Moscow: Russia cemented control over neighbouring Georgia's rebel Abkhazia region on Monday with a "strategic partnership" deal that the Georgian government said amounts to annexation.
President Vladimir Putin signed the "alliance and strategic partnership" agreement which formalises Russian dominance of the tiny separatist region's foreign policy, armed forces and economy, as well as placing Russian guards on the border with the rest of Georgia.
The signature "is a step towards a de facto annexation of the Abkhazia region by the Russian Federation" and a "violation of the principles of Georgia's territorial integrity and international law," Georgian Foreign Minister Tamar Beruchashvili told journalists.
"The Georgian government condemns the illegal step."
More than 30,000 opposition supporters protested in Tbilisi this month against the planned deal, which comes amid a diplomatic firestorm over Russia's involvement in a separatist uprising in eastern Ukraine and annexation of Crimea last March.
Abkhaz opposition parties have also voiced fears that the agreement undermines their tiny would-be country's bid for real independence.
Some provisions of the agreement "may have undesirable consequences for the sovereignty" of Abkhazia, the Council of Abkhazia's Public Chamber said on Friday.

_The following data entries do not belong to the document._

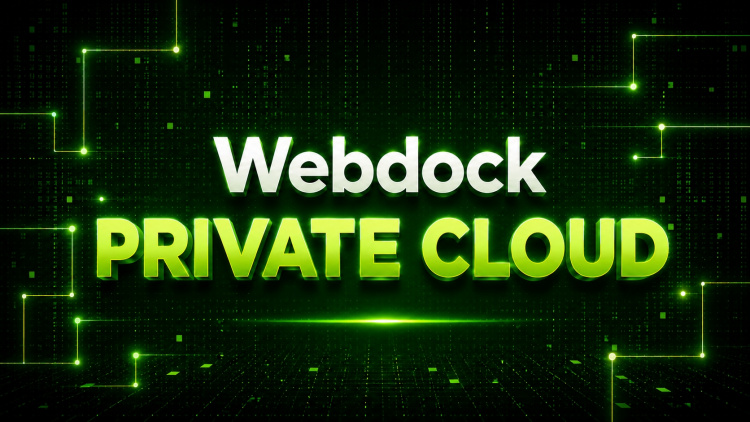 Webdock Moves Beyond VPS with Private Cloud and Dedicated Infrastructure
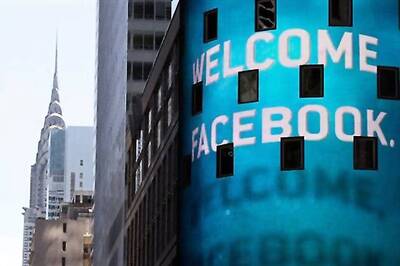 ComScore study says Facebook ads effective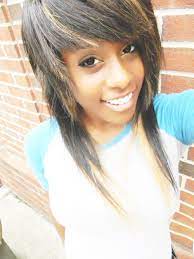 Pin By Angela Lawson On Scene Style Scene Hair Alternative Hair Emo Hair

The deal that Putin signed after talks with Abkhaz President Raul Khajimba in the Black Sea resort of Sochi says Moscow and Sukhumi will unite armed forces and jointly guard Abkhazia's border with Georgia.
It also creates a shared law enforcement system and a common economic and customs space.
The agreement, which says it is prompted by "new global and regional challenges and threats," specifies that any attack against Abkhazia will be viewed as aggression against Russia, which will provide military aid.
Putin also said that Russia would give Abkhazia five billion rubles (USD 111 million) in 2015.
"We have set new tasks and long-range goals. They are backed up with serious financing," Putin said, quoted by Interfax news agency.
Abkhazia broke away from Georgia following a civil war in the 1990s. The war between Moscow-backed separatists and Tbilisi forced some 250,000 residents to flee their homes, most of them ethnic Georgians.